Classifying Data Quality Problems

Blog Administrator | Address Quality, Analyzing Data, Analyzing Data Quality, Data Quality | , , , ,

By Elliot King

Data quality is generally most fruitfully defined in the context of its use. Is the data good enough to allow the process with which it is associated to run efficiently and effectively? For example, is the mailing list you are using for a direct solicitation accurate enough that you can achieve your goals and not generate any unwanted and unanticipated negative consequences?

And while that definition may be good enough in a practical sense for
specific issues, it really isn’t good enough to diagnose the sources of data
quality problems generally. Constructing a general framework for data quality
problems can be a useful guide in better identifying and resolving specific

One of the earliest efforts to better understand the nature of data quality
problems calls for classifying problems into three general
categories–operational, conceptual and organizational. Operational data quality
issues are those that are generated through problems with data capture and
transmission. Inaccurate data is collected. Data may be missing. Or data may be
corrupted through some process, for example.

Conceptual data quality problems occur when data is not well defined or it is
inappropriate for its intended use. One of the most famous examples of a
conceptual data quality problem (though it is not often thought of in this way)
was brought to light in the movie Moneyball.

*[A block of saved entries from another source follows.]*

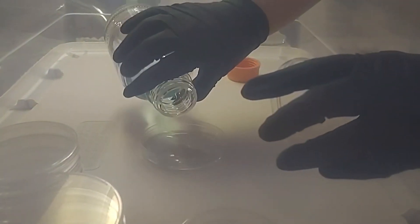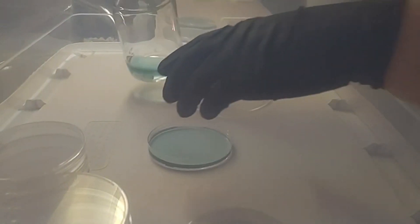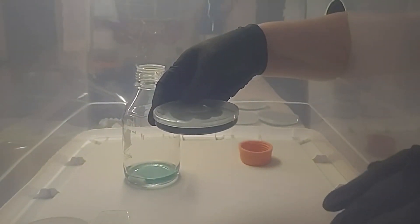In this video we are utilizing water agar to complete a spore-to-agar transfer. As previously mentioned, spores are inherently dirty, so using water agar without the nutrients and sugar will starve contaminants while allowing good mycelium to grow.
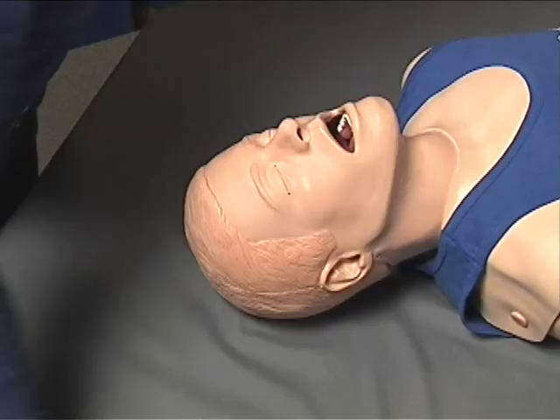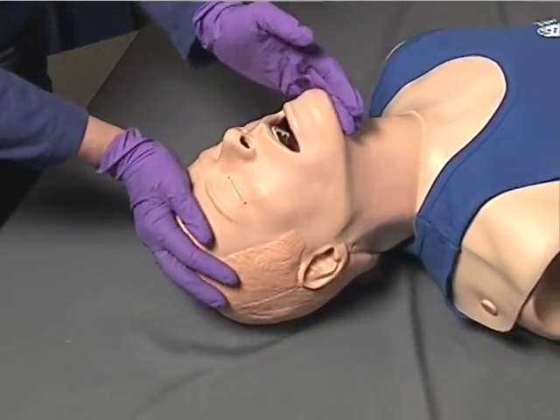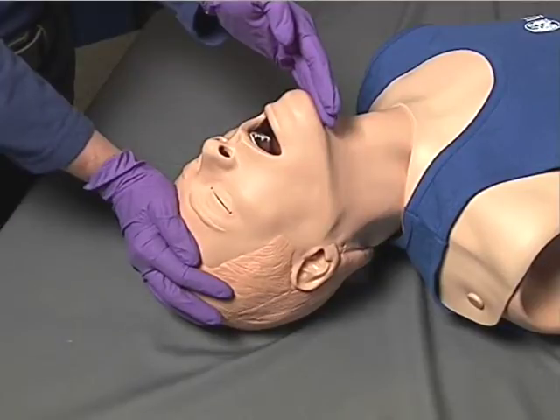In a patient without a suspected cervical spine injury, the manual airway maneuver to be employed is the head tilt-chin lift, in which the rescuer places one hand on the patient's forehead, the other hand under the patient's chin, and pivots or tilts the patient's head back posteriorly while lifting the chin.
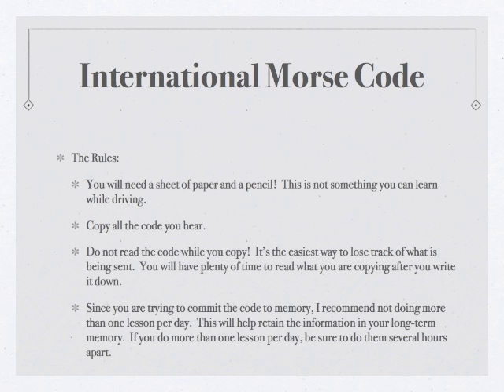Now there are going to be some rules and guidelines associated with this course to help you absorb the material as quickly and effectively as possible. The first rule is that you're going to need a sheet of paper and a pencil. There's a lot of copying associated with this course — a pen would be fine. This is not a course you can take while driving or doing some other activity. You're going to need to find a quiet space where you can just focus on each lesson.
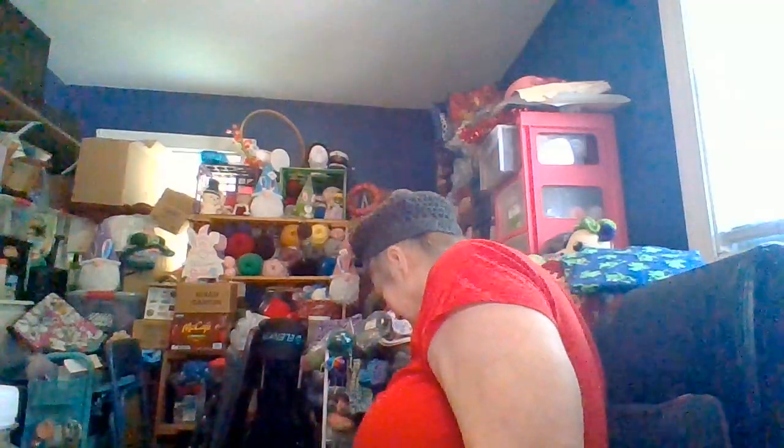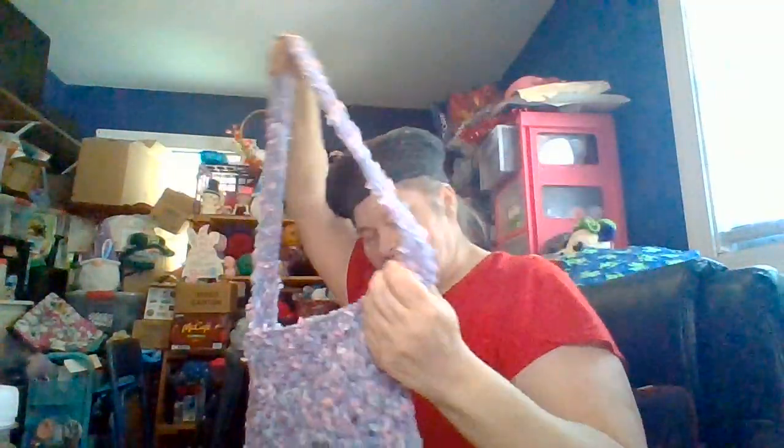Oh, and I might have something else somewhere — oh yeah, I do. With that soft and pretty yarn I made a Llama Mama crossbody bag. I haven't put a button on it yet, but this one's a good size. I'm thinking my granddaughter, the oldest one, may claim this, and if she wants it she'll get it.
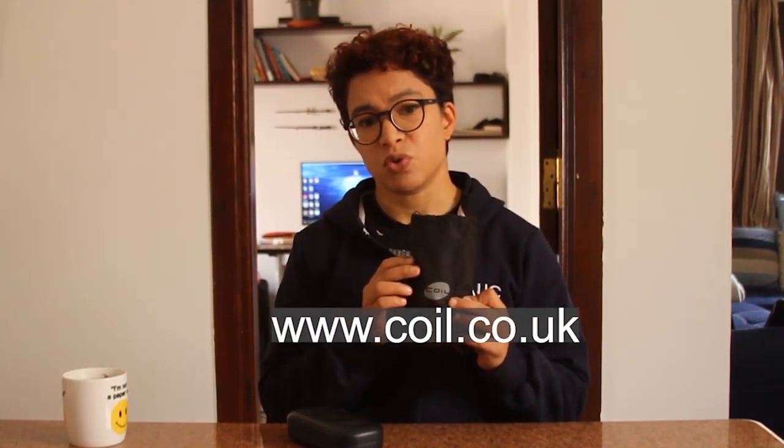I just decided to make a cup of coffee and reshoot this entire video because I sounded so sleepy. Hello everyone, I'm Maha and this is Legally Blind. I'm going to do something a little bit different today, which is I'm going to review a visual aid. Specifically, I'm going to review handheld illuminated magnifiers from a company called Coil, which is a UK company.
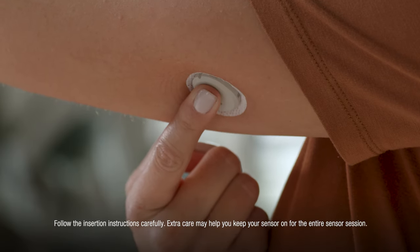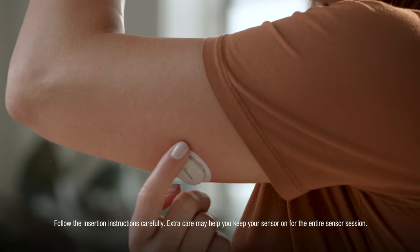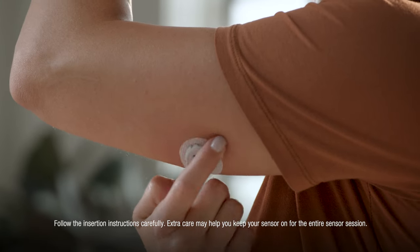To help keep the patch on your skin, press on the sensor for 10 seconds. Then rub around the patch 3 times.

The basic thrust of the movie was not that the information old-time baseball
scouts used to evaluate players was wrong per se; it was they were collecting
the wrong data to identify productive players. Batting average, for example, is
less useful in determining a player’s value than on-base percentage. A pressing
new conceptual data problem is the attempt to use electronic patient records to
judge medical treatment outcomes.

When operational and conceptual data problems persist over time despite repeated
attempts to fix them, organizational data quality problems are usually the
culprit. In these cases, wrong, missing and invalid data is not really the
problem, but the symptom. Something has to be fixed in the organizational
structure or culture.

The point is this–data can be wrong for many reasons and it can’t fundamentally
be fixed without a general understanding of the error’s cause.